I had been told the previous evening that our battalion—the 3rd Battalion—was being pulled out of the lines for a short stay at the division’s rest center at Eygelshoven, a small Dutch town that lay just across the border some ten to twelve miles from our present location. I had also been told that my mess crew and its equipment was going there right after it had delivered a hot breakfast on the 20th, and that I could expect a number of two-and-a-half-ton trucks to reach me shortly after the mess crew departed. These trucks would take my company to Eygelshoven, at which time I would release them to their parent unit. (If I remember correctly, these trucks belonged to a quartermaster truck company, one of several such units then supporting the division.)
My mess crew arrived with our hot breakfast early on December 20 and left about an hour later. The mess sergeant and I talked about his going to Eygelshoven, and he promised he would have a good meal ready for us when we got there about noon.
At about 0900 the trucks arrived, and I soon had the company loaded and ready to go. As we pulled out to become part of the battalion’s convoy, my soldiers were in good spirits, thinking ahead to several days in warm, dry billets among a civilian populace that really seemed to care for them.
We did not reach Eygelshoven that morning.
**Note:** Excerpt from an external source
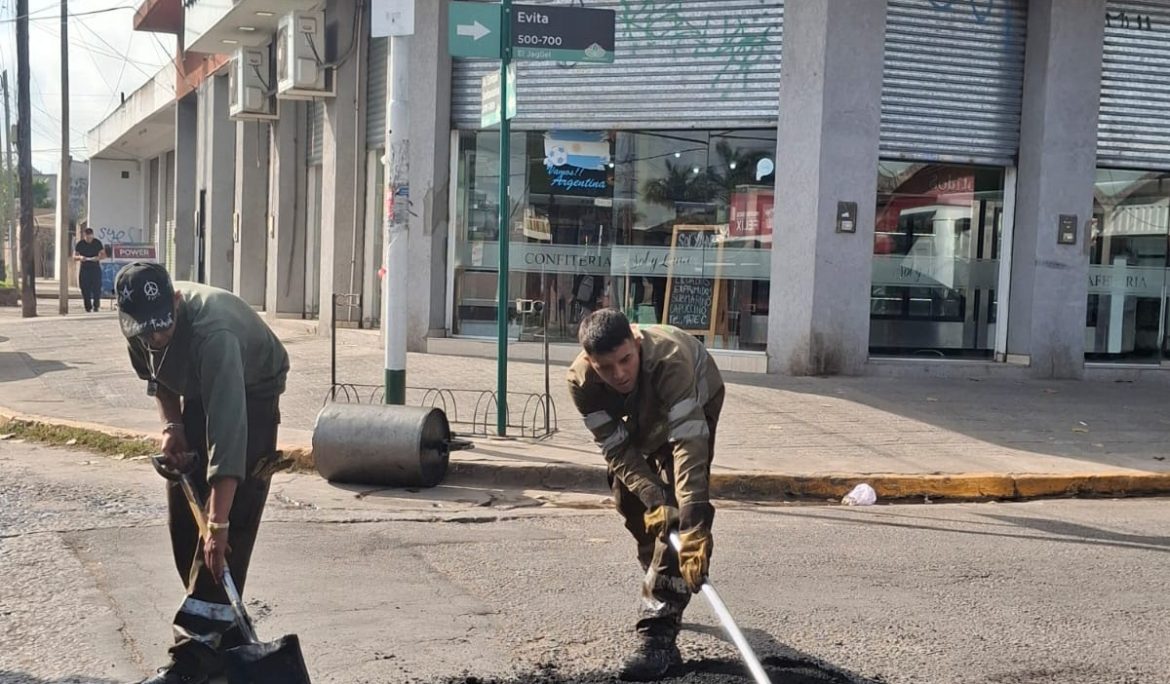 OBRAS DE BACHEO EN DISTINTOS PUNTOS DE EL JAGÜEL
We did get there eventually, but much later: February 1945. I did not know at the time, but shortly after we started out, the battalion commander received orders to head for Aachen, which lay in the opposite direction.
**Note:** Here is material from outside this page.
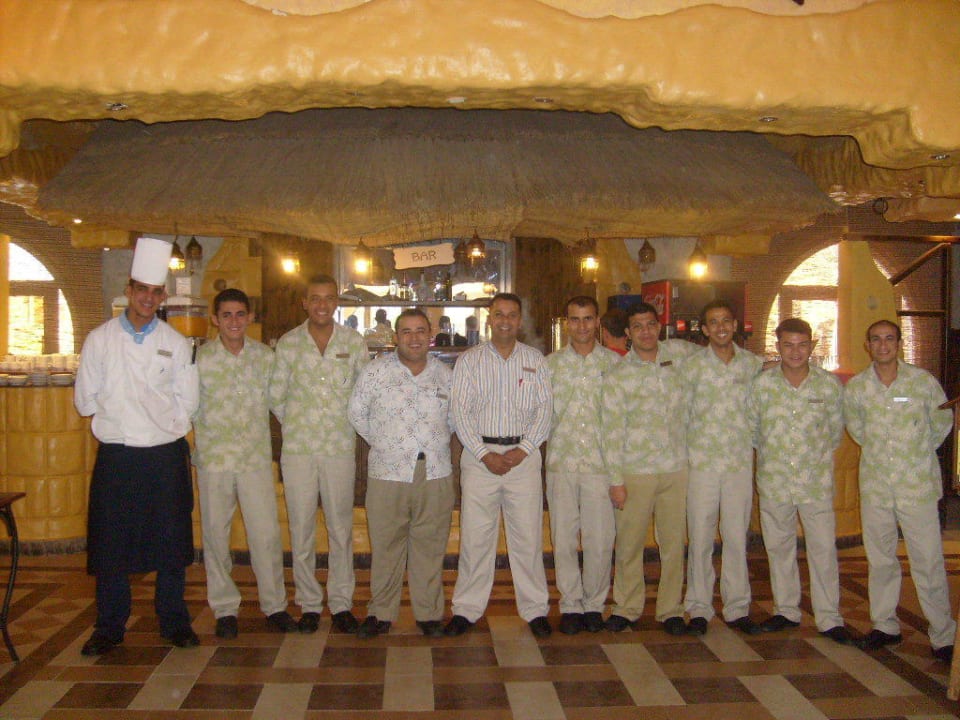 Kellner, Oberkellner und Chef Restaurant Cave du Roi Pickalbatros Alf Leila Wa Leila Resort - Neverland Hurghada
When we reached Aachen, we were told we were going to Belgium, but where in Belgium no one seemed to know. Why we were going was another unanswered question. My main concern was for my mess crew. I kept wondering if the mess sergeant had been told about the change in plans, and whether I would ever see my cooks again.
I don’t think anyone in the convoy that day had any idea of the extent of the German breakthrough, or what steps were being taken to counter it. We found out much later that we had followed the 7th Armored Division, another Ninth Army unit, to Belgium. We did run across some of that division’s rear-echelon units but never encountered any of its combat elements.
We paused for a short break in Liège, where I had to turn over to the MPs a truckload of my soldiers who were designated to serve as guides along the way to our final destination. We still did not know where that was, and I screamed and hollered about giving up my soldiers, but lost the argument. With the way things were going, and with so little information, I feared I would never see those men again: the same fear I had about my mess crew. The soldiers did get to me in the next few days, seemingly none the worse for their experiences.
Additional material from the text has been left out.